To be fair I'm kind of a old grouch in that what I really want is for someone to update all the old games: new graphics, new sound... And leave the actual gameplay just the way it was.
Not sure how well that would sell really... Although they would get my money for sure.
Games like Tie Fighter, Duke Nukem, and yes Doom (1 and 2... And Wolfenstein).
Well, to be fair, there were two recent Wolfenstein games, and a recent Duke Nukem game, and they didn't do all that amazingly. I played Wolfeinstein: The Old Blood and found it kinda...I dunno...basic and dull. The last id game I played was RAGE, and it was....meh. Nothing special Pretty, but you're still basically just playing a corridor shooter. Again, fairly dull.
The Larry Holland X-wing/Tie Fighter series is a whole other kettle of fish. The real problem there is that you'd have to make them work with gamepads or mouse + keyboard, and flight combat sims just...don't work that well without a joystick and keyboard combo. But nobody's buying joysticks these days.
I have my doubts that current designers are even capable of understanding the concept that simple can be beautiful.
What made Doom such a success even among non gamers was its simplicity: you needed to know nothing. Pick up weapon. Point at bad guys, kill bad guys. Find more bad guys.
See, I think we
think that "simple is beautiful." But I've played modern simple games, and they aren't all that entertaining. The last genuinely good, straightforward "Kill everything that moves" game I played was Shadow Warrior (2013). It was GREAT...for the roughly $20 I paid for it. It would've been worth, oh, maybe $30-40 by my measure. Beyond that? Forget it. Fun game, but not THAT fun. Even then, that game had character progression, weapon development, etc. It was hardly basic. IT wasn't just "Grab gun, shoot dudes." I honestly don't think such a basic game would be that well received -- even by fans of the old school shooters. If you want that, give the remake of Rise of the Triad a whirl. It's...pretty...meh, really.

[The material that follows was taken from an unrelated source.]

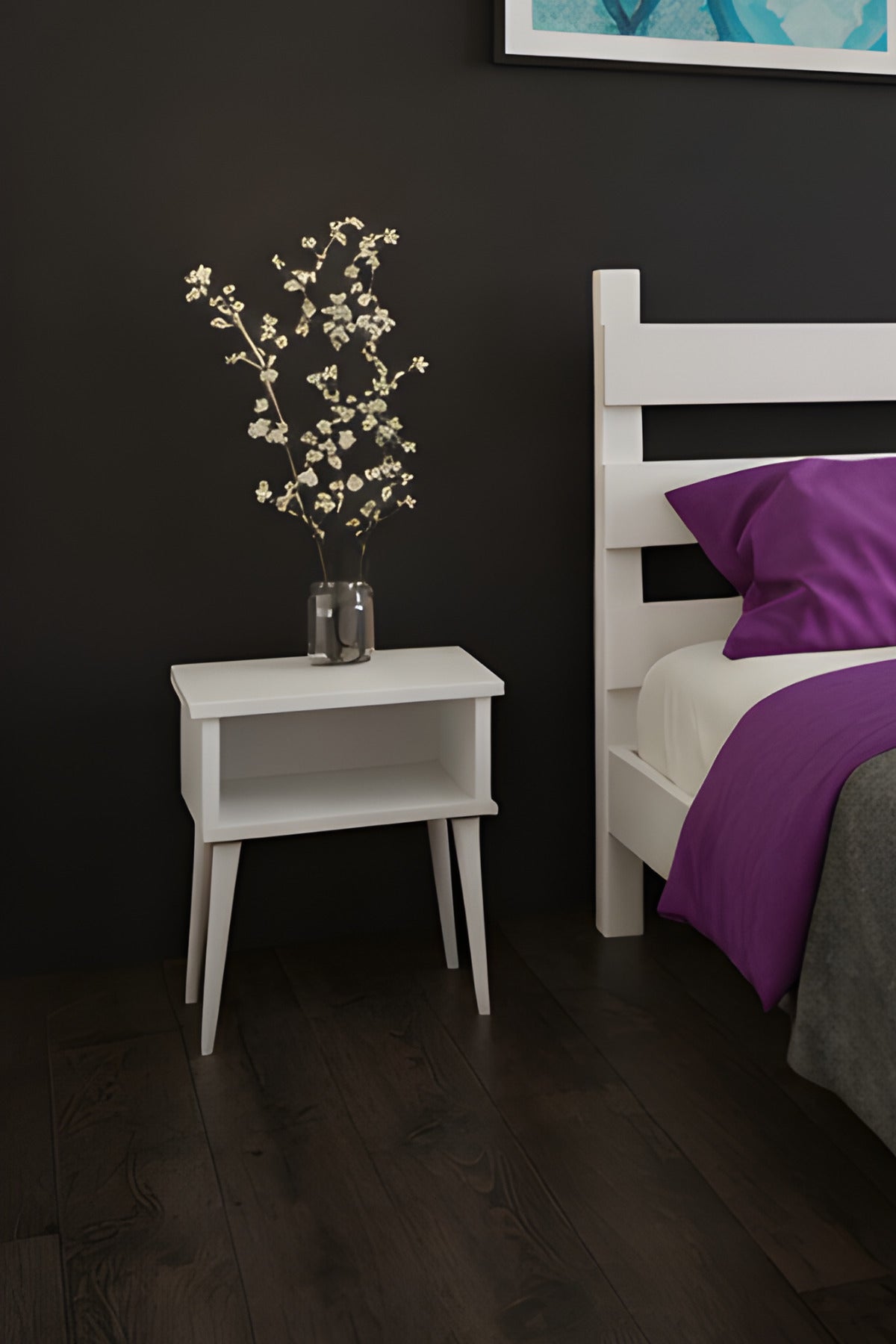 Natura Model Masif Ahşap Karyola 2 Adet Komodin 180x200 Ceviz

What made the original Doom's gameplay was that there were hordes of enemies.. and the enemies were simple.
You navigated a maze where there could be a new enemy around each corner - and that more than the Hell-theme is what provided horror and pumped up the adrenaline. It had non-stop action.
Without having a maze, it is not Doom. Without the enemies being simple, it is not Doom.
By the way, it was also very much inspired by the movie Army of Darkness. The game captured a bit of the feel of that movie: it was horror, it was ultra-violence - but it also did not take itself too seriously.
What made DOOM so good was that we hadn't seen anything like it before, and it was incredibly atmospheric at the time. There'd been Wolfenstein 3D (and Blake Stone), but DOOM was the first game that wasn't based on square block map design, and where you had different levels (e.g., stairs, elevators, etc.) instead of playing on a single 3D plane. DOOM had surprising gore, too, for its time, which was unlike what we'd seen up to that point. And it had multiplayer (albeit just deathmatch over modems, which sucked).
DOOM was a major leap forward in game design. It was, in my opinion, then leapfrogged by Dark Forces, which did even more to evolve game design. But if you go back and play those games today? Just stop and think about how incredibly basic the gameplay is, and how dull it would get once the nostalgia+novelty aspect of a remake wore off.
I honestly don't think the new game will be anything special. I think it'll be a throwback just like all of iD/Zenimax's shooters have been, and it'll feel like you've already played this game a gajillion times before. All it'll have going for it is atmosphere and graphics. And to be honest, there's plenty of that to go around today.